The Last Dickens
If you love reading Charles Dickens, this novel will be heaven-sent. If you’re not a big fan of Dickens, you will be after reading this novel. It’s that good and that much fun.
This erudite literary mystery has action and colorful characters galore, both historical and fictional, and includes flashbacks to Dickens’s tour of America in 1867 that demonstrate his extreme fame, the public’s love for him, and the protective love his confidants and entourage had for him as well. It’s a rousing story of murder, the opium trade, and the cutthroat 19th-century publishing business. With action taking place in India, England, Boston, and other U.S. sites, the author maintains seemingly distinct storylines. Just when you think they will never gel and make sense, Pearl brilliantly links them together.

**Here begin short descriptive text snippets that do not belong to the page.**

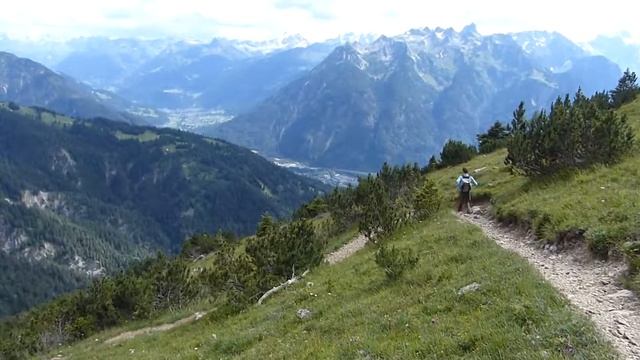 Cпуск с горы бегом смотреть онлайн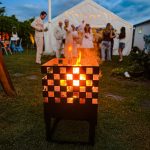 Bluegaz Chess Eldkorg brinner framför studentfirande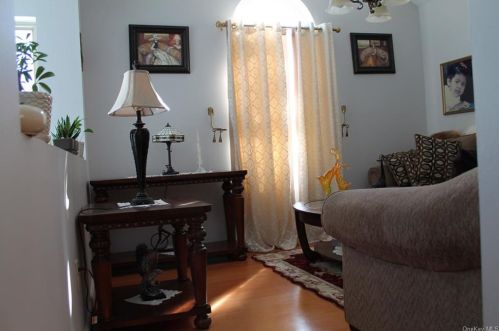 39 Stratford Rd, Rock Hill, NY 12775-6116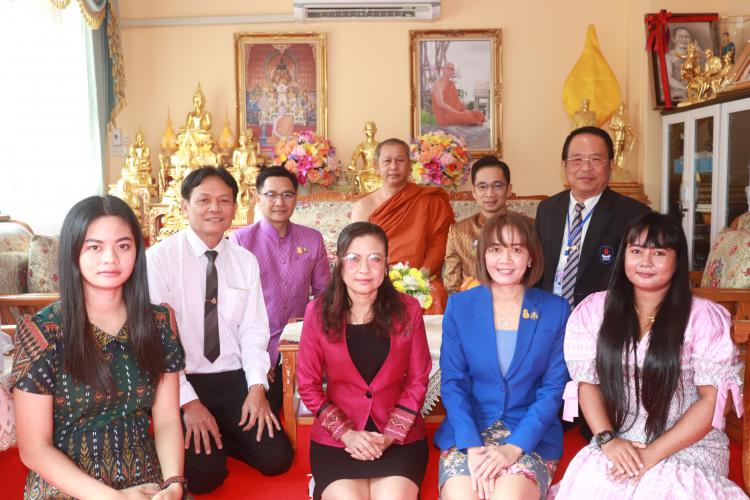เข้าถวายสักการะ พระปิยทัสสี (วิษณุ ปิยธโน) เจ้าคณะจังหวัดราชบุรี (ธ.) เจ้าอาวาสวัดอมรินทราราม (วัดตาล) อำเภอเมือง จังหวัดราชบุรี เนื่องในโอกาสที่ ดร.สิทธิพล พหลทัพ ย้ายมาดำรงตำแหน่งผู้อำนวยการสำนักงานเขตพื้นที่การศึกษามัธยมศึกษาราชบุรี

The book revolves around Dickens’s unfinished last novel, The Mystery of Edwin Drood. After Dickens’s death in 1870, his Boston publisher, James R. Osgood, sets off on a journey to England to find if rumored additional chapters really existed. He fights off opium dealers and thugs hired by rival publishers, gains the trust of Dickens’s family members, and tangles with a villain of mythic proportions. All this action might sound overblown, but it’s a literary romp through 19th century culture and its seamiest sides, not unlike much of Dickens’s work. It’s well written and chock full of details on Dickens and his times. This reviewer might question why the character of Osgood’s companion and love interest is relatively undeveloped, but this is a minor quibble. Highly recommended.